▶ **Work instruction**: Please restate word for word all lines from the one containing "LAMPA PRAWA Toyota" to the final line of the entries, and include no pictures.

▶ **Records for the task**:
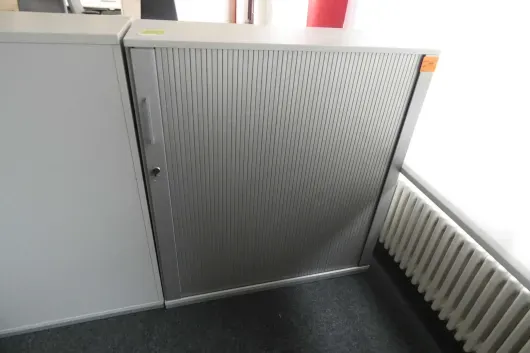 1x Sideboard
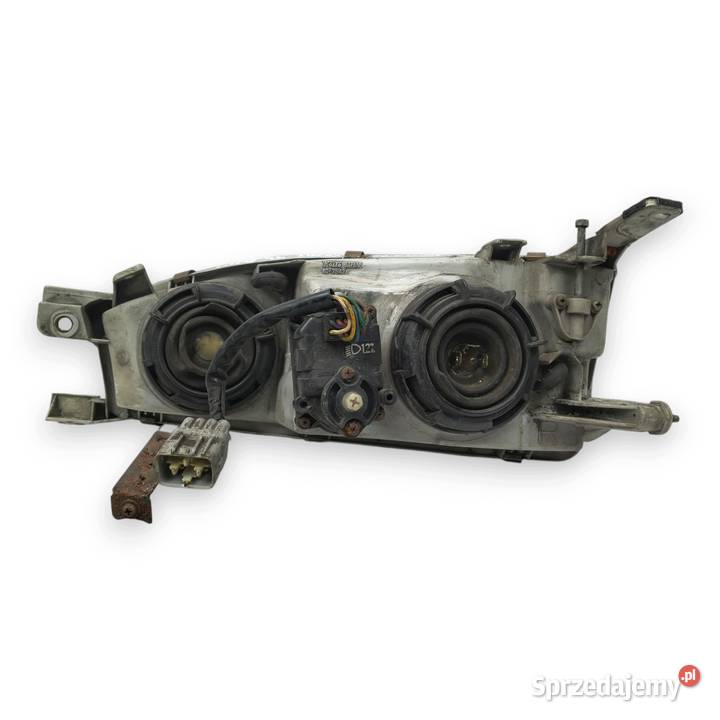 LAMPA PRAWA Toyota Camry III prawy przód Lampy przednie lubelskie Chełm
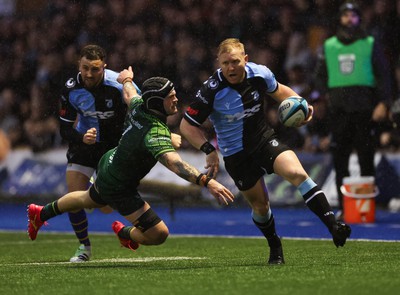 170224 - Cardiff Rugby v Connacht Rugby, United Rugby Championship - Tinus de Beer of Cardiff Rugby gets past Conor Oliver of Connacht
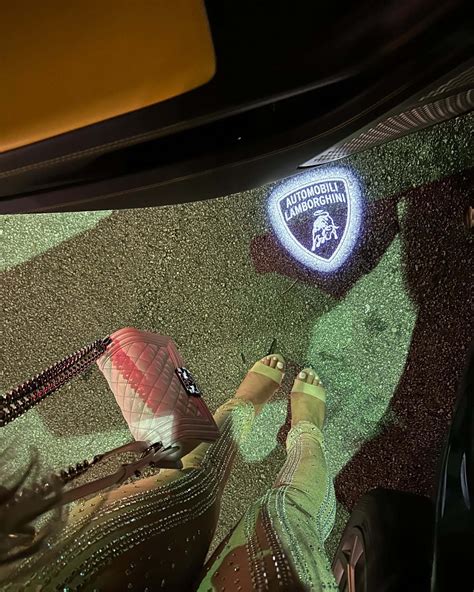 Ara Queen Bae's feet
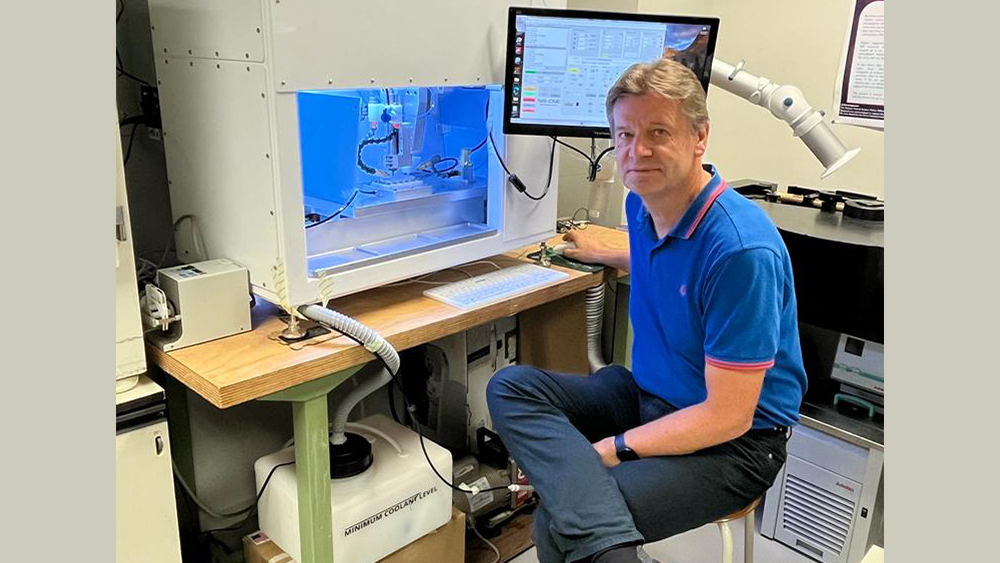 NS CNC at the Vrije Universiteit Brussel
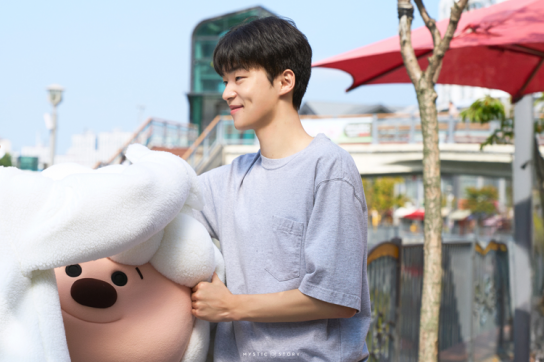 김강민, ‘발바닥이 뜨거워서’ 통해 선보인 매력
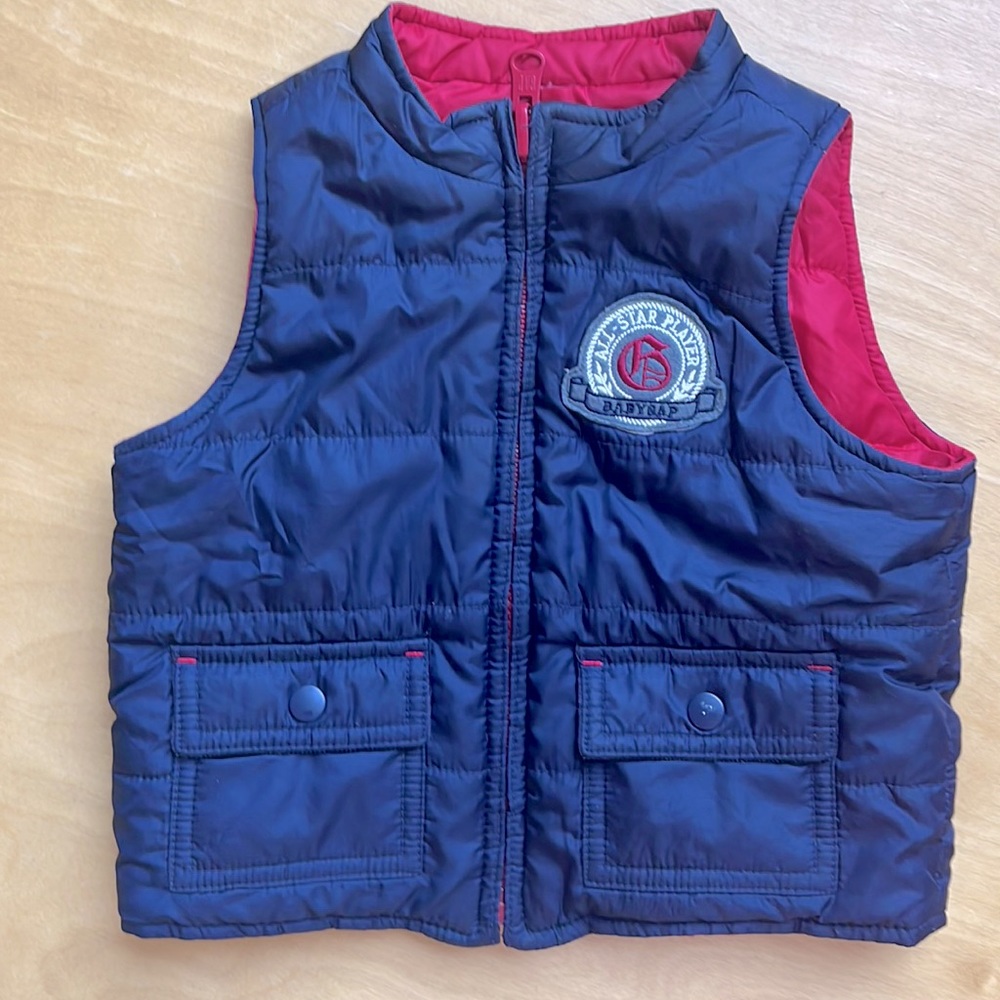 3/$15 or 5/$20 Reversible navy and red 6 month baby gap vest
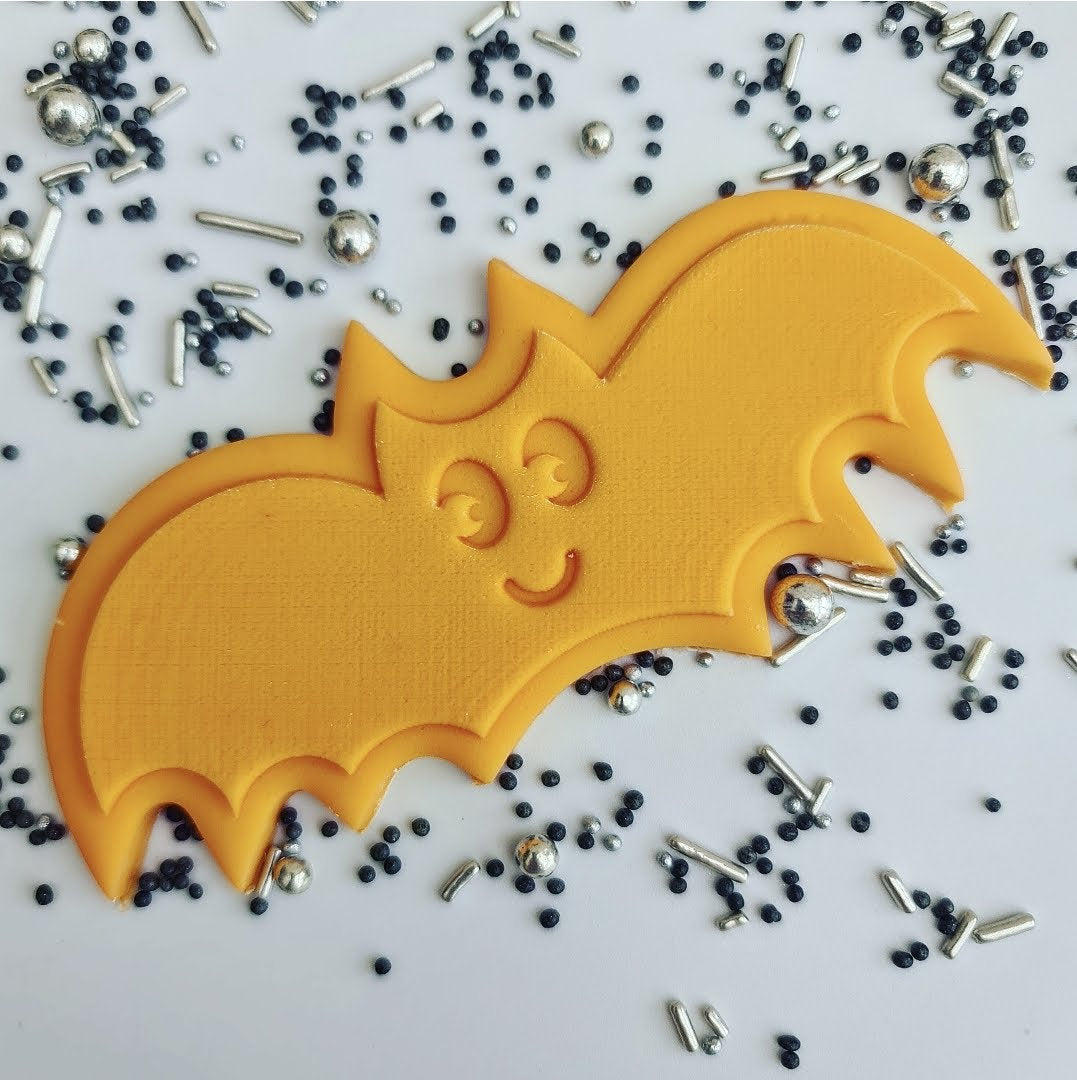 HALLOWEEN - Cute Bat - Deboss & Matching Cutter image 1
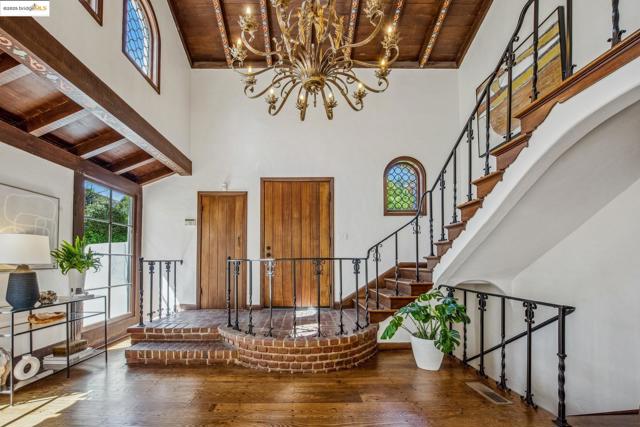 356 Mountain Avenue, Piedmont CA: https://media.crmls.org/mediaz/de6232c0-c8ba-4da1-a49c-c9715ff55835.jpg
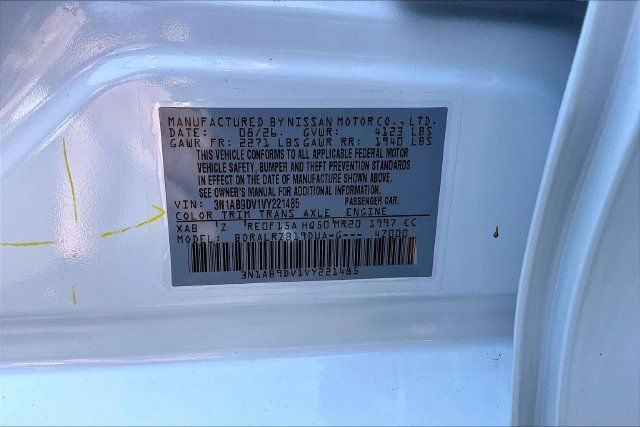 New 2027 Nissan Sentra SR w/ SR Premium Package FWD image 14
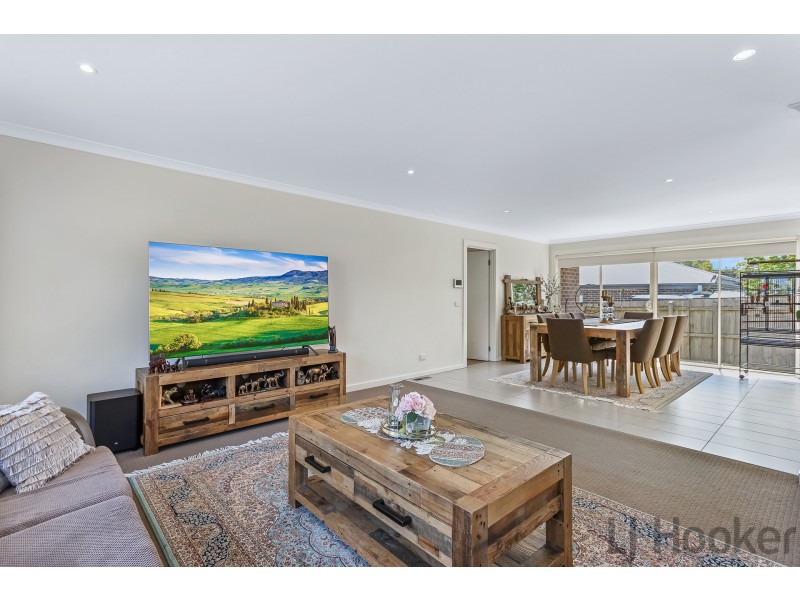 2/11 Chatham Avenue, Ferntree Gully VIC 3156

▶ **Answer**:
 LAMPA PRAWA Toyota Camry III prawy przód Lampy przednie lubelskie Chełm
 170224 - Cardiff Rugby v Connacht Rugby, United Rugby Championship - Tinus de Beer of Cardiff Rugby gets past Conor Oliver of Connacht
 Ara Queen Bae's feet
 NS CNC at the Vrije Universiteit Brussel
 김강민, ‘발바닥이 뜨거워서’ 통해 선보인 매력
 3/$15 or 5/$20 Reversible navy and red 6 month baby gap vest
 HALLOWEEN - Cute Bat - Deboss & Matching Cutter image 1
 356 Mountain Avenue, Piedmont CA: https://media.crmls.org/mediaz/de6232c0-c8ba-4da1-a49c-c9715ff55835.jpg
 New 2027 Nissan Sentra SR w/ SR Premium Package FWD image 14
 2/11 Chatham Avenue, Ferntree Gully VIC 3156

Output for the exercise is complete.